[Xen-devel] [PATCH 0/8] xen: don't let keyhandlers block indefinitely on locks

Juergen Gross posted 8 patches 32 weeks ago
Patches applied successfully (tree, apply log)
git fetch https://github.com/patchew-project/xen tags/patchew/20200213125449.14226-1-jgross@suse.com
docs/misc/xen-command-line.pandoc        |  9 ++++++
xen/arch/x86/domain.c                    |  9 ++++--
xen/arch/x86/io_apic.c                   | 53 ++++++++++++++++++++++++--------
xen/arch/x86/irq.c                       |  5 ++-
xen/arch/x86/mm/p2m-ept.c                |  4 +++
xen/arch/x86/msi.c                       |  4 ++-
xen/arch/x86/numa.c                      | 16 ++++++----
xen/arch/x86/time.c                      |  5 +++
xen/common/event_channel.c               |  3 +-
xen/common/grant_table.c                 | 39 +++++++++++++++++++++--
xen/common/keyhandler.c                  | 29 ++++++++++++++++-
xen/common/livepatch.c                   | 11 ++-----
xen/common/rangeset.c                    | 10 +++---
xen/common/sched/core.c                  |  7 +++++
xen/common/sched/cpupool.c               |  4 ++-
xen/common/sched/credit.c                | 31 ++++++++++++-------
xen/common/sched/credit2.c               | 20 +++++++-----
xen/common/sched/null.c                  | 50 +++++++++++++++++-------------
xen/common/sched/private.h               |  1 +
xen/common/sched/rt.c                    | 13 ++++----
xen/common/spinlock.c                    | 18 +++++++++--
xen/common/timer.c                       | 15 +++++----
xen/drivers/passthrough/amd/iommu_intr.c | 14 ++++++---
xen/drivers/passthrough/iommu.c          |  5 +++
xen/drivers/passthrough/pci.c            | 14 +++++++--
xen/drivers/vpci/msi.c                   |  5 ++-
xen/include/xen/keyhandler.h             | 26 ++++++++++++++++
xen/include/xen/rangeset.h               |  2 --
xen/include/xen/rwlock.h                 | 37 ++++++++++++++++++++++
29 files changed, 352 insertions(+), 107 deletions(-)

[Xen-devel] [PATCH 0/8] xen: don't let keyhandlers block indefinitely on locks

Posted by Juergen Gross 32 weeks ago
Keyhandlers dumping hypervisor information to the console often need
to take locks while accessing data.
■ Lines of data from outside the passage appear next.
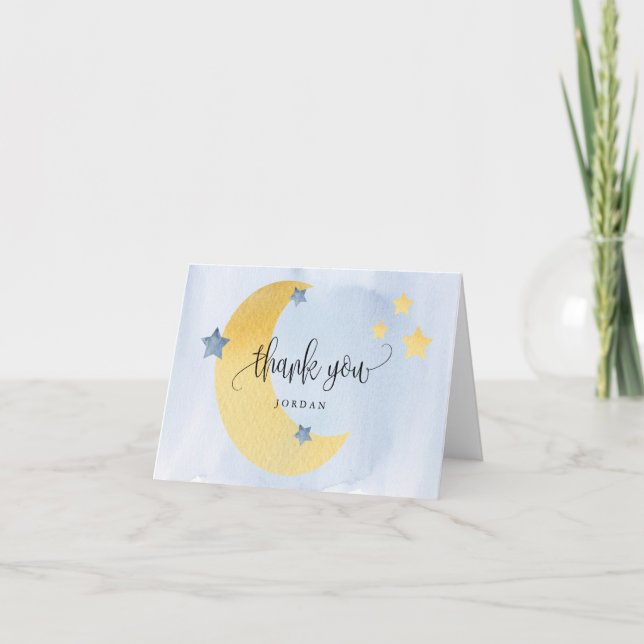 Tarjeta De Agradecimiento Sobre la luna azul Baby Shower personalizado (Anverso)
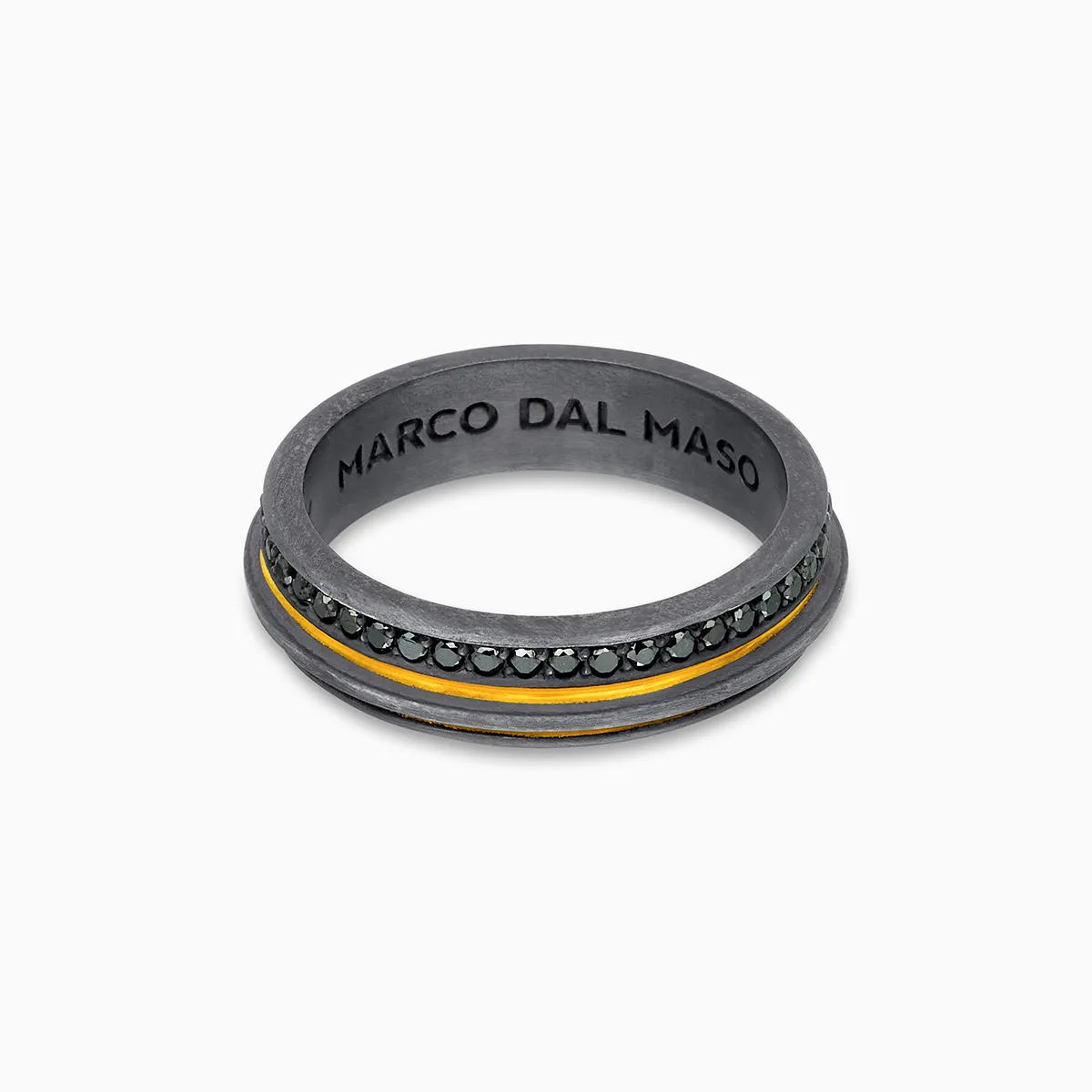ACIES Slim Band With Black Diamonds And Yellow Enamel sold by Marco Dal Maso product image thumbnail 3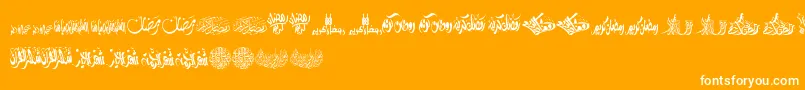 FelicitationArabicRamadan-Schriftart – Weiße Schriften auf orangefarbenem Hintergrund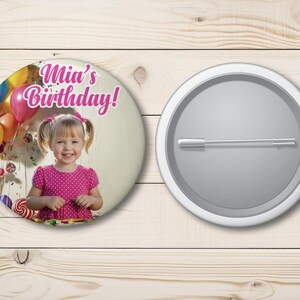 Photo and Text Button Pins, 2.25 inch Pinback Buttons, Personalized Picture Pins, Badges, Same Day Design Proof, Birthday Button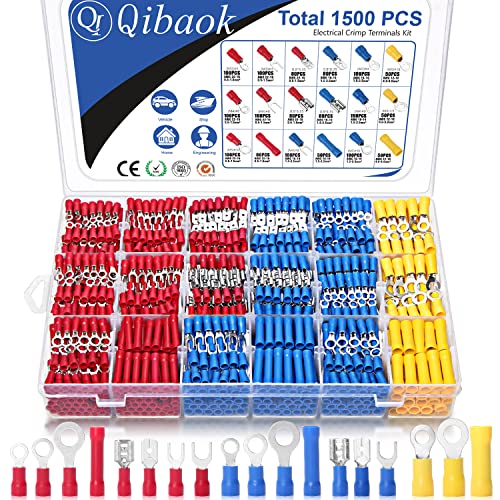 Qibaok 1500 Piece Insulated Wire Connectors & Terminals Kit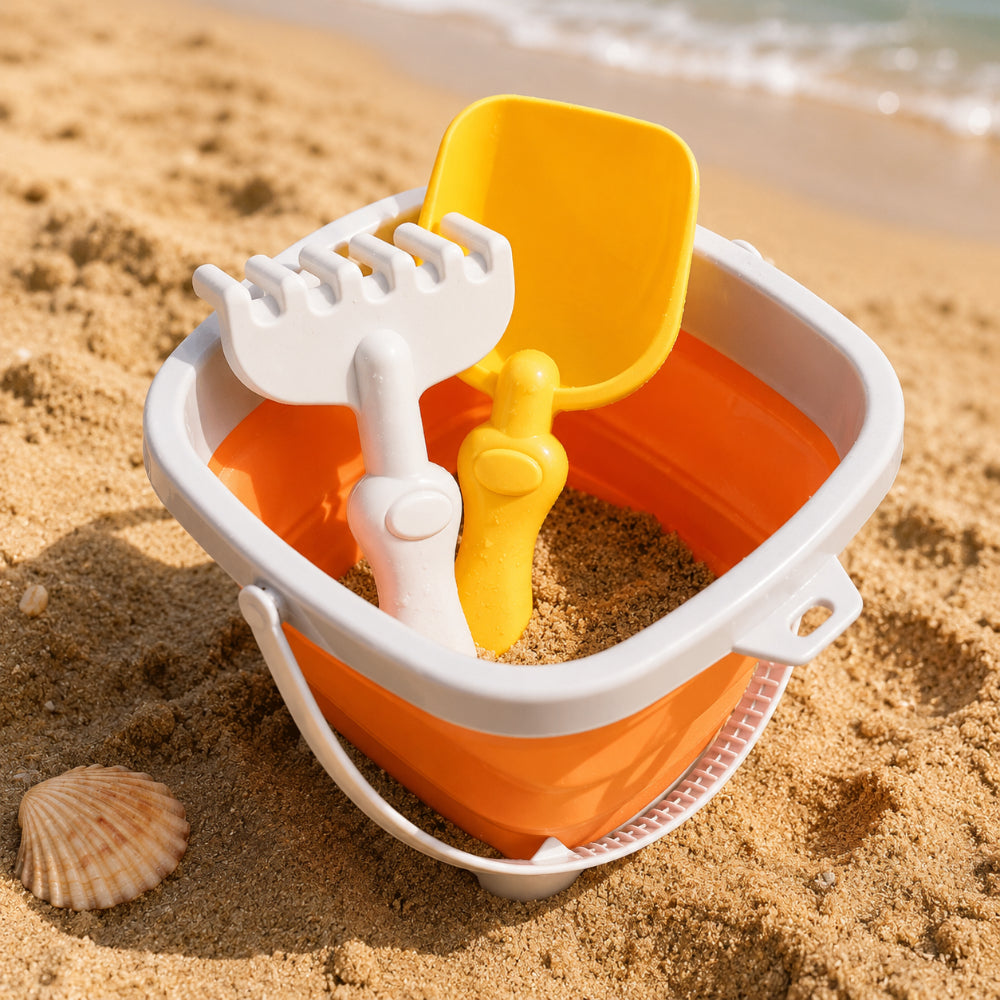 Foldable Sand Bucket Outdoor Play Set for Kids Summer Beach Toys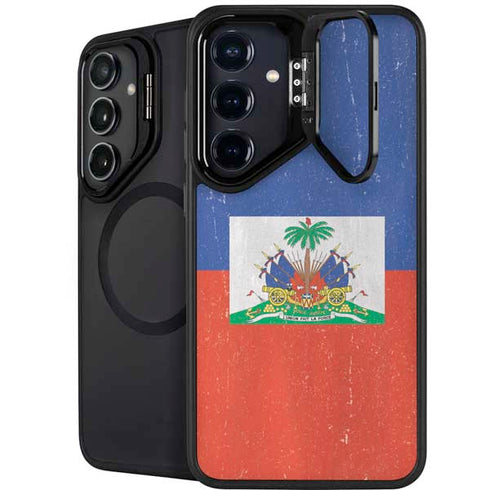 Haitian Flag Distressed Galaxy S26 Kickstand Case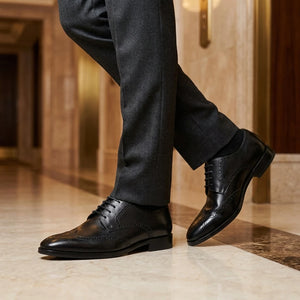 Men’s Black Leather Classic Formal Lace-Up Brogue Shoes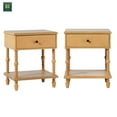 thumbnail image 3 of Vivienne Walker Edison Easy Assembly Solid Wood Spindle 1-Drawer Nightstand, Set of 2 - Natural, 3 of 12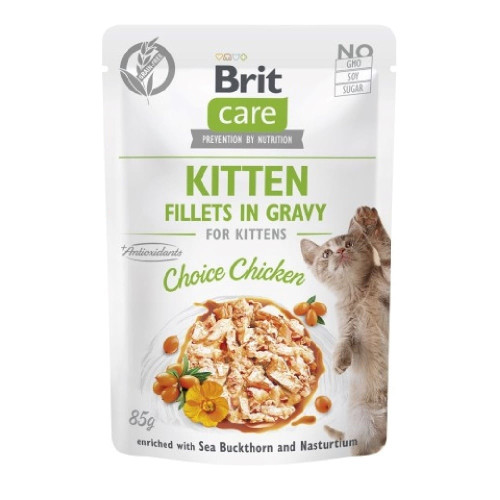 Влажный корм Brit Care Cat Fillets in Gravy Choice Chicken для котят, филе в соусе, с курицей, пауч, 85 г Влажный корм Brit Care Cat Fillets in Gravy Choice Chicken для котят, филе в соусе, с курицей, пауч, 85 г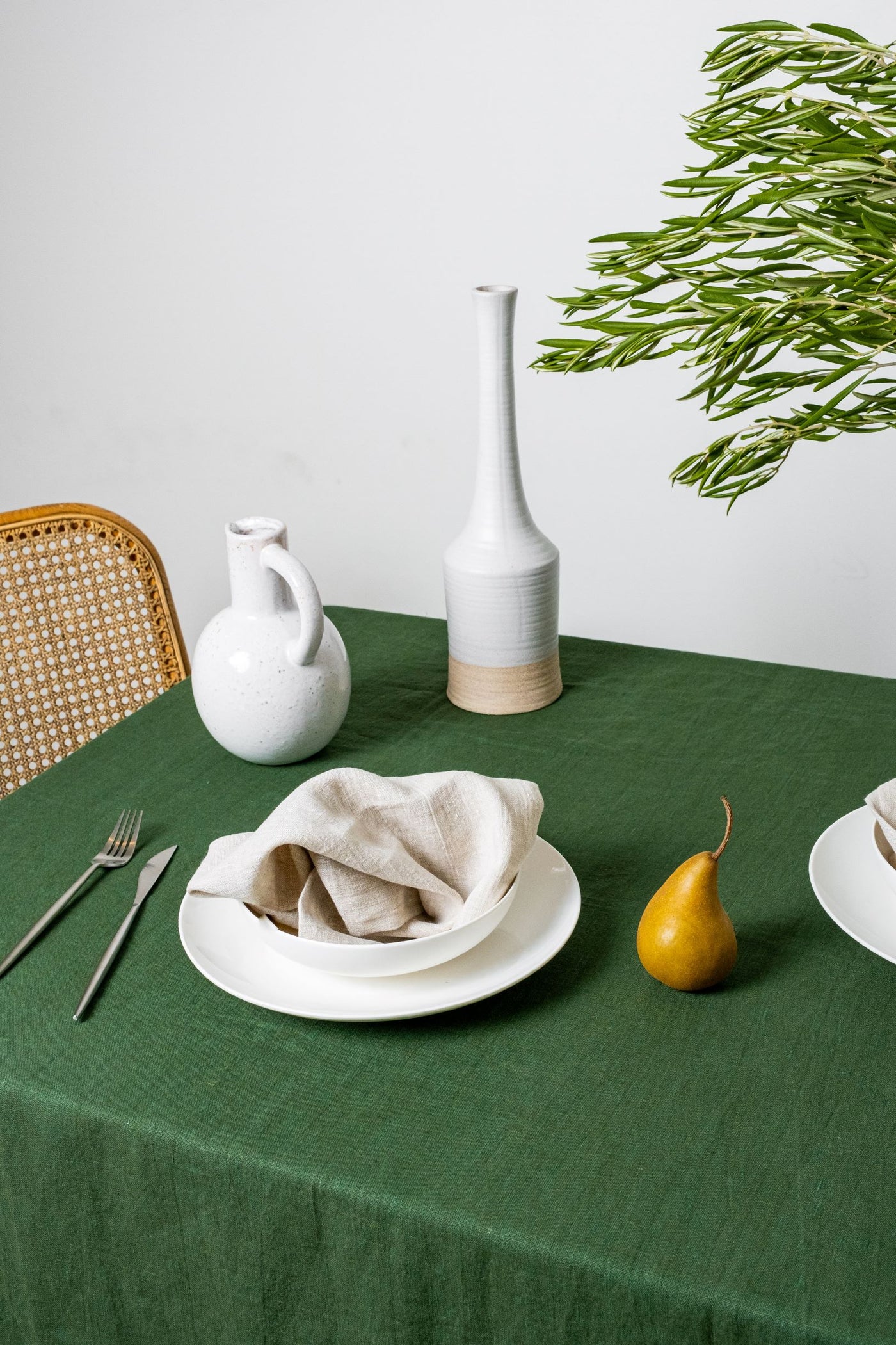 Moss Green luxurious European linen tablecloth
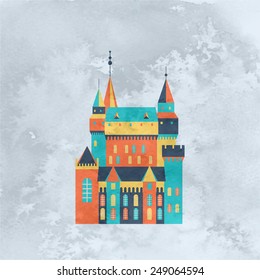 Castle fairy tale icon. Flat vector pattern silhouette isolated. Textured vintage old style card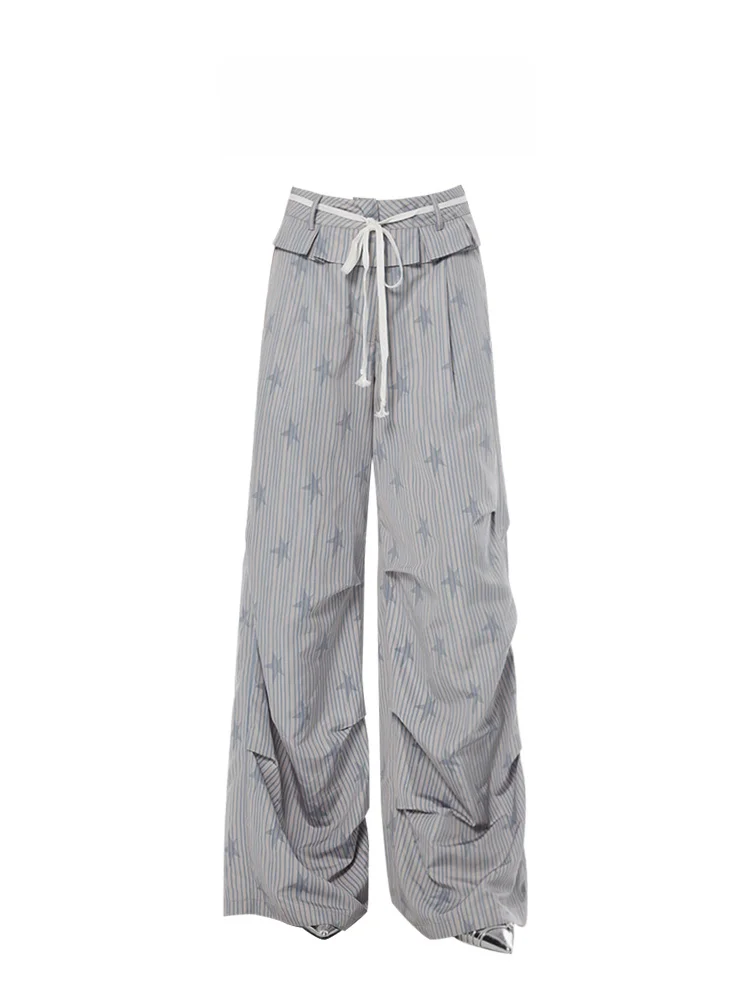 

Retro American Striped Star Qui Dry Casual Pants Women Autumn Loose Slimming Floor-Length Paratrooper Pants High Waist Wide...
In order to not block in case of
system inconsistencies it is convenient to use trylock variants when
obtaining the locks. On the other hand a busy system might easily
encounter held locks, so this patch series is adding special trylock
variants with a timeout used by keyhandlers.

Only the keyhandlers dumping out data are modified to use those new
lock variants. There might be still some potentially blocking locks
involved (e.g. the console lock for printing), but most critical
cases should be handled by this series.

The timeout per lock is 1 millisecond as default, the value can be
changed by boot and runtime parameter setting.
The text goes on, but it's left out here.